Agora mantemos fixo o numero de processos em 2, numero de blocos em 4, e variamos o numero de threads por bloco.

In [None]:
size = 4096
file = "MPI+Cuda/mandelbrot_openmpi+cuda"
processes = 2
blocos = 4
threads = [2 ^ x for x in 0:11]
repetitions = 15

results = run_experiments(size, file, processes=processes, threads=threads, repetitions=repetitions)
parsed_results_mpicuda_t = parse_results_threads(results)
save_csv_results(parsed_results_mpicuda_t, "CSV/parsed_results_mpicuda_t.csv")
save_csv_results(results, "CSV/results_mpi+cuda_threads.csv")

In [None]:
results_mpicuda_t = read_csv_results("CSV/results_mpi+cuda_threads.csv")
parsed_results_mpicuda_t = read_csv_results("CSV/parsed_results_mpicuda_t.csv")

In [None]:
plot_results(results_mpicuda_t.threads,
    results_mpicuda_t.duration,
    "Threads",
    "Duration",
    max_thread_power = 11)

In [None]:
plot_results_thread(parsed_results_mpicuda_t.threads,
    parsed_results_mpicuda_t.mean_duration,
    "Threads",
    "Mean Duration + CI",
    yerror = parsed_results_mpicuda_t.ci_duration,
    max_thread_power = 11)

## Discussão

### Comportamento conforme as variações

**O tamanho da entrada**  
O tempo de execução do programa cresce de forma quadrática quando se aumenta o tamanho da entrada, pois é necessario rodar o método NxN vezes, sendo N o tamanho da entrada. E isso acontece nos 3 casos (sequencial, Pthreads, OpenMP) já que isso depende do método de Mandelbrot.

**O número de threads**  
Tanto utilizando Pthreads quanto OpenMP, é possível observar que com o aumento do número de threads existe uma diminuição do tempo de execução do programa. No entanto, a partir de certo ponto o overhead operacional supera o ganho da paralelização.

### Operações I/O e alocação de memória
O impacto das operações de I/O e alocação de memória no tempo de execução deveria se mostrar mais significativo no OpenMP porque elas são feitas de forma implícita, de modo que a medição de tempo não pode desconsiderá-las. Surpreendentemente, o tempo do programa se mantém mais ou menos parecido (utilizando o mesmo número de threads) no Pthreads e no OpenMP. Supomos que isso ocorre porque o OpenMP deve conter uma série de otimizações que permite compensar o overhead.

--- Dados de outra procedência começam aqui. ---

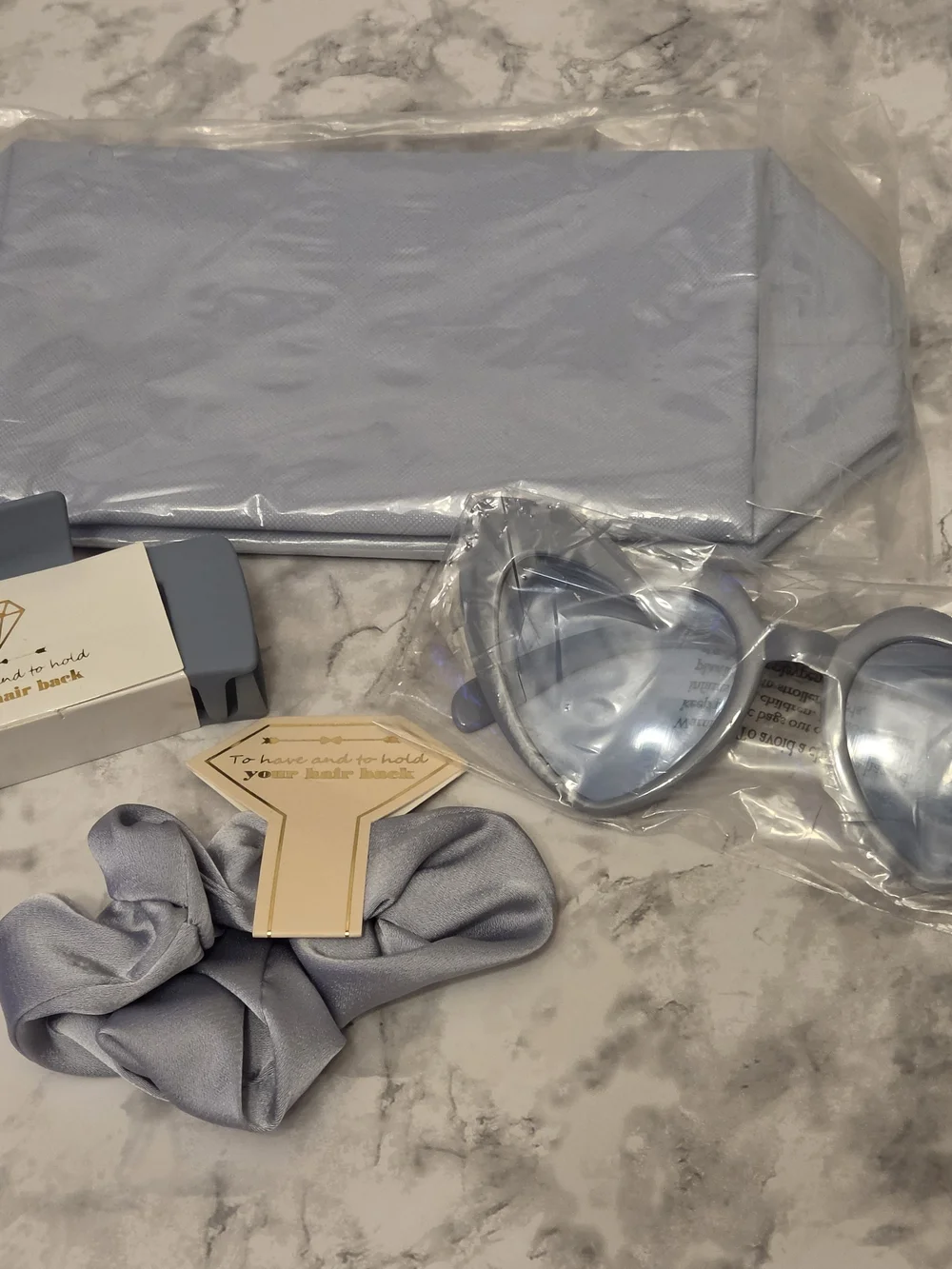 CURASA Bridesmaid 4 Piece Gift Set, Cream Blue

### Perguntas interessantes
**Por que o tempo continua diminuindo mesmo após superar o número de núcleos do computador (com Pthreads)?**  
Isso se dá devido ao modo como o sistema operacional gerencia o tempo de execução de cada processo. O paralelismo simulado com concorrência, permite que, mesmo com o número de threads superando o número de núcleos, a eficiência do programa continue aumentando.